Trump is doing the right things, and the savings will increase.
Undercutting the dollar is when you print trillions of them out of thin air and devalue them.
It is not undercutting to go to a standard like gold, or bitcoin with it’s fixed number of coins.
They can’t regulate the currency, but they can regulate their people’s use of the currency and tax it.
They can’t directly manipulate it like they do now with their own currency where they can just print more money. Or people can easily counterfeit the money too. North Korea is known to counterfeit US money all the time.
It is volatile because it’s vapor.
This is not going to a gold standard.
It is an attempt to replace the dollar with another currency.
Crypto currency is no different.
So then we agree that spurious statements like its like a gold standard make zero sense when discussing cryptocurrency.
“The value of the U.S. dollar is backed up by the confidence in an economy that generates one of the largest (if not largest) GDPs in t”
That “confidence” in the dollar comes from us demonstrating responsible monetary policy, not from our economy. When we stripped away the gold standard, foreigners were basically told that we would not devalue their currency holdings by rampantly inflating the money supply like the Weimar Republic or Zimbabwe.
When we owe massive amounts of money, like 20 Trillion, and we move to devalue the dollar to make that debt easy to pay in increasingly worthless dollars, the confidence is sodomized.
And if you’re a Chinaman holding US debt, you don’t want to be paid out in dollars that have been inflated away. And you don’t want to buy or sell oil or other commodities using dollars. You might insist on gold or bitcoin.
Confidence in our currency is not fully connected with confidence in our currency.
Relatable in production philosophy doesnt make them similar overall or the same in any way. I can still go to my safe or a lock box & hold gold coins, or gold flake, or bullion. Cryptocurrency is vapor & on top of that its ridiculoysly hard & mildly complicated to purchase things with cryptocurrency (something you cant do in person, without computers).

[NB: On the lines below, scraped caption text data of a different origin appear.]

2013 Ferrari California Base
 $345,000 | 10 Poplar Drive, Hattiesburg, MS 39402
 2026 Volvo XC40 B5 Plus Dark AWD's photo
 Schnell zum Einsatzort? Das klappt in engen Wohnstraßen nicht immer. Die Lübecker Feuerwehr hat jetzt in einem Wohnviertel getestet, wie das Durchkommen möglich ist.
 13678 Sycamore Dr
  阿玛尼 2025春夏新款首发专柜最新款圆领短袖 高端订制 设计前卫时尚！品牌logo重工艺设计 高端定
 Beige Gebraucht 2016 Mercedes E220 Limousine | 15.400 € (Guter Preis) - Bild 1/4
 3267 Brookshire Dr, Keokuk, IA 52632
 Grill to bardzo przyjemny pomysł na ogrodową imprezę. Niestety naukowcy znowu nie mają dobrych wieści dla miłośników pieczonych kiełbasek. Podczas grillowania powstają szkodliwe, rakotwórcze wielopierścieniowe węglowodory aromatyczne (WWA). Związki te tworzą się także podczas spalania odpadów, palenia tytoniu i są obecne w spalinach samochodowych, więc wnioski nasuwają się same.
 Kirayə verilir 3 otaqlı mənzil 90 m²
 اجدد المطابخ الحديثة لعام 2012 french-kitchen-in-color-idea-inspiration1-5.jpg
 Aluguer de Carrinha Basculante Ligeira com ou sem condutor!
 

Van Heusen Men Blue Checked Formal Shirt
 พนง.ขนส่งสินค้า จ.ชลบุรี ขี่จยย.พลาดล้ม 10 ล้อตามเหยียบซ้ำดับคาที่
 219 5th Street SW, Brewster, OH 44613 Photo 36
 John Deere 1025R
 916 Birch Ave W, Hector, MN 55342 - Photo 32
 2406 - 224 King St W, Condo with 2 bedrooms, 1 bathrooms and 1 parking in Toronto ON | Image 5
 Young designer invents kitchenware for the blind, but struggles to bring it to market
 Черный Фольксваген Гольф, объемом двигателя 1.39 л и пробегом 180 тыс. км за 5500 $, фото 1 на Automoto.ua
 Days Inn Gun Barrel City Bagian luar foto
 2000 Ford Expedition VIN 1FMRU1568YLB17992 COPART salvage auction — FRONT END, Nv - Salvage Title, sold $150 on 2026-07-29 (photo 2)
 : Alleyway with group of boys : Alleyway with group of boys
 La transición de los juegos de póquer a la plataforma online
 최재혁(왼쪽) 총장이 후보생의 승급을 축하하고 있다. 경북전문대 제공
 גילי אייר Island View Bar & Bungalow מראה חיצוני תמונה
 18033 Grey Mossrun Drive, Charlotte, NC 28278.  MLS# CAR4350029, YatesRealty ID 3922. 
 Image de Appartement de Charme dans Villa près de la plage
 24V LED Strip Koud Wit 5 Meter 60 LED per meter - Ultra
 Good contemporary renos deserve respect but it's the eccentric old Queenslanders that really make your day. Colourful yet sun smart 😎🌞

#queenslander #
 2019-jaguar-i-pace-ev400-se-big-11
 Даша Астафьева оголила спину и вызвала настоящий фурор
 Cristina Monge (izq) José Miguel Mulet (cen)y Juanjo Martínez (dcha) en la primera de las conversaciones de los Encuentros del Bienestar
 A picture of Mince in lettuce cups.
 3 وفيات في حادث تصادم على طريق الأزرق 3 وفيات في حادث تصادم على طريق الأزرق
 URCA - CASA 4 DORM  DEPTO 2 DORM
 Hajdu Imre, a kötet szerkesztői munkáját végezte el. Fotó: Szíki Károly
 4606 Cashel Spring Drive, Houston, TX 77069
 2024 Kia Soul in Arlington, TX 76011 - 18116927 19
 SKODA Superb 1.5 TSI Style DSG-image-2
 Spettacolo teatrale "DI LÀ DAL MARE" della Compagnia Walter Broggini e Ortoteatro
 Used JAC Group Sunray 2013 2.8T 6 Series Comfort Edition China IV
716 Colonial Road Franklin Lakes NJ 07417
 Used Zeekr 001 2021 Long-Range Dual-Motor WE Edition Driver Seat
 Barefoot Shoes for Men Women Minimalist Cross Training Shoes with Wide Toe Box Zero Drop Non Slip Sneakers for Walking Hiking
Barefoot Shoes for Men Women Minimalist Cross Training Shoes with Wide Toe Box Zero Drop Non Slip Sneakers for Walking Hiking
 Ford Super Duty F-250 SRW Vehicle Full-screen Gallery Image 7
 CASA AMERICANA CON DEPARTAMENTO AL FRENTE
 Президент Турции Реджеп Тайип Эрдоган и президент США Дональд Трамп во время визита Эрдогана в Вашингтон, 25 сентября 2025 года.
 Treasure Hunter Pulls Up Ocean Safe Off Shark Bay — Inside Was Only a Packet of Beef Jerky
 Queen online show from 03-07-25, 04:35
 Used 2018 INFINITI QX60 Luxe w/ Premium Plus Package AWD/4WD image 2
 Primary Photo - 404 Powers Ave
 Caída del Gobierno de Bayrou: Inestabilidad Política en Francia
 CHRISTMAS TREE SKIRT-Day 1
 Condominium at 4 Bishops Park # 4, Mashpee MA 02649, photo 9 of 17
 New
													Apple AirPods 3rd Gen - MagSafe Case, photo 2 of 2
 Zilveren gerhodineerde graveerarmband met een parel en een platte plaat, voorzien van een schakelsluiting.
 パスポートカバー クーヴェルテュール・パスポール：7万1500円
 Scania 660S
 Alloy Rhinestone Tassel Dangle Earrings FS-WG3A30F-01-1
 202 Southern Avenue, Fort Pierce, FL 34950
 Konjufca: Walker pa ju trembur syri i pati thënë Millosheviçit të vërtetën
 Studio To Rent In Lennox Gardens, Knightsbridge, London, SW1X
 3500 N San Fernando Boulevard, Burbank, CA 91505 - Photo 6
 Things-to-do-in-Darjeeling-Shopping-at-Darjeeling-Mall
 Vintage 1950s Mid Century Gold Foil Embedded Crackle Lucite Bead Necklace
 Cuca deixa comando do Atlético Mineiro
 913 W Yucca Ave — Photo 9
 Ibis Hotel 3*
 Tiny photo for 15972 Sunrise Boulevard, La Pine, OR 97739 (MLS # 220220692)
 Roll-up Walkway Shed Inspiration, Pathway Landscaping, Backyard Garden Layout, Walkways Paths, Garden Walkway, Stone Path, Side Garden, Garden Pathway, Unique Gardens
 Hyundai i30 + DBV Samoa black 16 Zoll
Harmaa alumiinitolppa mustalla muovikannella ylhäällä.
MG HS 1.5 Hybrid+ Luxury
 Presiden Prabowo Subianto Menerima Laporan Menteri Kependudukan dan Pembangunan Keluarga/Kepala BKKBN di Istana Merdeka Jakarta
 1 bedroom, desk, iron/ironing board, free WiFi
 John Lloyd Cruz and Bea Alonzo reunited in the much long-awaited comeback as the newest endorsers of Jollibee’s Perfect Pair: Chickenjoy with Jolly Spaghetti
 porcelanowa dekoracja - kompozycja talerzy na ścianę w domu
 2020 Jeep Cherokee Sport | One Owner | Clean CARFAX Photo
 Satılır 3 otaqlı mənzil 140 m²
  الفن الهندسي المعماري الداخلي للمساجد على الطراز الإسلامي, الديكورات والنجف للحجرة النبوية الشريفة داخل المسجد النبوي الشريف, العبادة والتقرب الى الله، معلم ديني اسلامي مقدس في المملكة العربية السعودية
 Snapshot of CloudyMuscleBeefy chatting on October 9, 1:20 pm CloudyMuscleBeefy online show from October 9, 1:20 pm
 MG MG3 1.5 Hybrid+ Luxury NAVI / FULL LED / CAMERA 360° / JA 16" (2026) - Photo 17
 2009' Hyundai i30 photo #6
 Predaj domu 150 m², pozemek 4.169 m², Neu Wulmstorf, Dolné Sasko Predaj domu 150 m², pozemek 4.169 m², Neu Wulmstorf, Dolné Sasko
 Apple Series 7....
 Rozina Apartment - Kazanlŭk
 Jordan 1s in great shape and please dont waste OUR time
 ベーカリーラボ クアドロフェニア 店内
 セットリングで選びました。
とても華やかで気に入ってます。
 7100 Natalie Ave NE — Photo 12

“A strong dollar makes the U. S. more secure.
Weakening the dollar is national suicide”
We don’t have a strong dollar. We have one that is steadily being debased and degraded. The thousand dollars you had in your pocket in 1985, is worth 427 dollars today. If you had 1000 dollars in your pocket in 1972, it would spend like 166 bucks today.
Go ahead, lecture us about the strength of the dollar and about how crypto is debasing it. Don’t be a tool.
You just told me that the dollar has lost about 57% percent of it’s value since 1985.
Bitcoin lost between 33 and 50% of it’s value in one day in the last few weeks.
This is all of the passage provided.